1. A fuel cell comprising:
a fuel electrode made of a hydrogen storage alloy coated with nickel;
an oxygen electrode; and
an electrolyte unit interposed between the fuel electrode and oxygen electrode.
2. The fuel cell of claim 1, wherein the hydrogen storage alloy is metal hydride.
3. The fuel cell of claim 2, wherein the metal hydride is in a powder form.
4. The fuel cell of claim 2 or 3, wherein the metal hydride is AB2-based.
5. The fuel cell of claim 1, wherein the oxygen electrode is a hydrogen storage alloy coated with nickel.
6. A fuel cell comprising:
a fuel electrode made of a metal hydride coated with nickel;
an oxygen electrode; and
an electrolyte unit interposed between the fuel electrode and the oxygen electrode.

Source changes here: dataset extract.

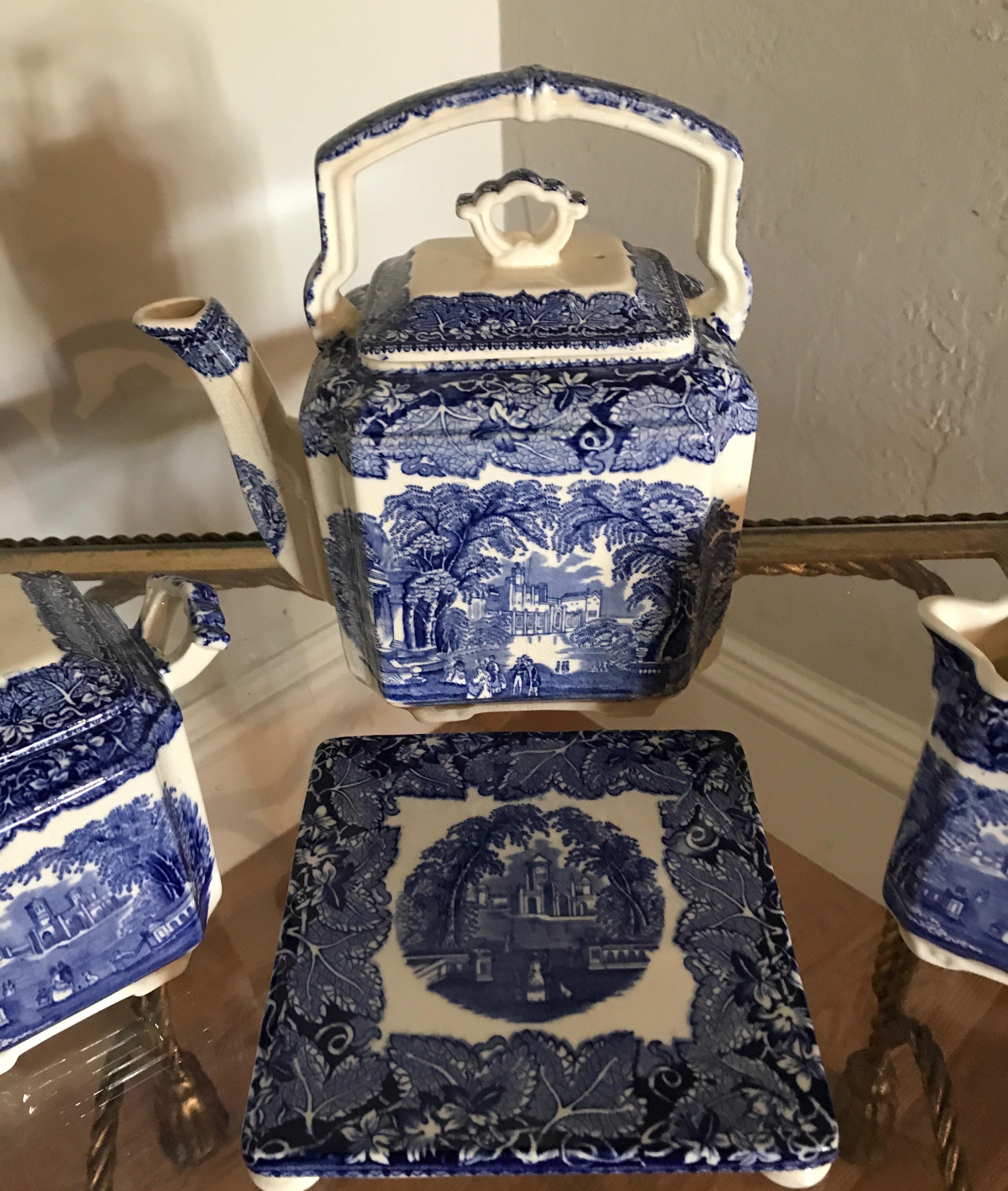 Antique blue and white Mason's ironstone vista tea set consisting of large tea pot, sugar bowl, creamer and trivet. Large tea pot is 8.5 x 5.5 x 8. Hot plate is 6 x 6. Creamer is 4.5 x 4.25 x 2.5.
Sugar bowl is 6.5 x 4 5.75.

7. An electrode catalyst of an electrode of a fuel cell having a fuel electrode, an oxygen electrode, and an electrolyte unit interposed between the fuel electrode and the oxygen electrode,
wherein the electrode catalyst is made of a hydrogen storage alloy of which a surface is coated with nickel.
8. The catalyst of claim 7, wherein the electrode catalyst has a powder form
9. The catalyst of claim 7, wherein the electrode catalyst has a fine fiber form
10. The catalyst of claim 7, wherein the electrode catalyst forms a porous body.
11. The catalyst of claim 7, wherein the hydrogen storage alloy is a metal hydride.
12. The catalyst of claim 7, wherein the electrode catalyst is attached to a catalyst support member made of nickel or a nickel alloy material.
13. An electrode of a fuel cell, said electrode being made of the catalyst of one of claims 7 and 8.
US10/557,738 2003-05-22 2003-05-22 Fuel cell, electrode catalyst and electrode for fuel cell Abandoned US20060275646A1 (en)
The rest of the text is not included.